DECEMBER 3, 1941
WASHINGTON, Tuesday—Late yesterday afternoon I flew over to Philadelphia to take part in the beginning of their National Defense Week. Mr. John Kelly was in charge of the evening. There had been street races in the afternoon for boys, and, while I was there, the prizes were given out to several individuals and teams.
They had some wonderful high school bands, as well as police and firemen's bands. I had to catch a 9:15 plane back to Washington, so I missed the greater part of the exhibition, but the glimpse of what the young people could do was a great satisfaction. I felt there was potential strength there which could be translated into sound and healthy bodies as they grew up.
I feel that our physical fitness program should serve to awaken interest among young people and their elders to look into all available sources of material. They should know how to eat better food (which is what we mean by nutrition) and how to take such exercise and live in such a way that they will be able to stand physical strains. At the same time, they should build within themselves the kind of resistance needed for the long sustained anxiety of a period of emergency.
Carl Sandburg has just sent our Office of Civilian Defense two short pledges, which I hope people will copy and carry around with them. The first is: "I pledge myself to be a little thoughtful every day about the meaning of freedom and how and why I am a citizen of a republic of free men and women, and how and why men and women toiled and fought yesterday for my freedom today."

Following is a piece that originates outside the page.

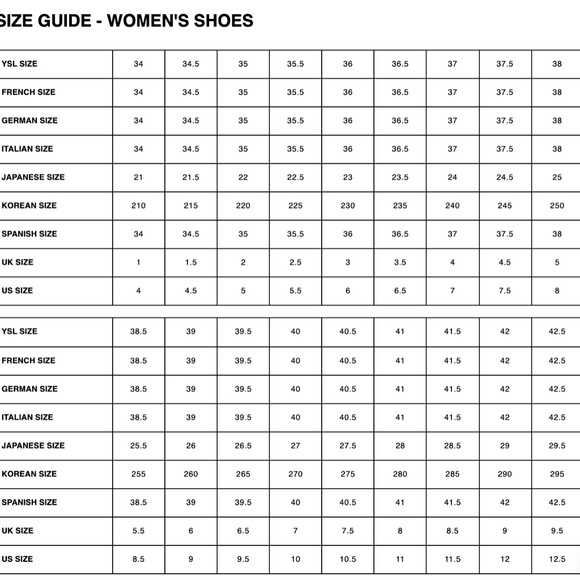 SAINT LAURENT YSL Babycat Leopard Kitten 50 Leather Pumps Vermillion Red Size 37 - Picture 5 of 5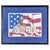 Blue 1999 Watercolor Painting "Vote" by Anne Kinder For Sale - Image 8 of 8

If we bear this in mind, I think we shall have a greater sense of responsibility about the preservation of our freedoms today. We shall come to the celebration of December 15th, when I hope every person in this country will read the Bill of Rights again, with a greater sense of obligation to see that the freedoms therein listed, are truly freedoms enjoyed by every citizen of the United States.
Mr. Sandburg's second pledge reads as follows: "I pledge myself to do a little thinking every day about the need of discipline and how, in a time of national danger more than ever, my own rights as a citizen are tangled and interwoven with the rights of others and these rights always deserve a decent respect."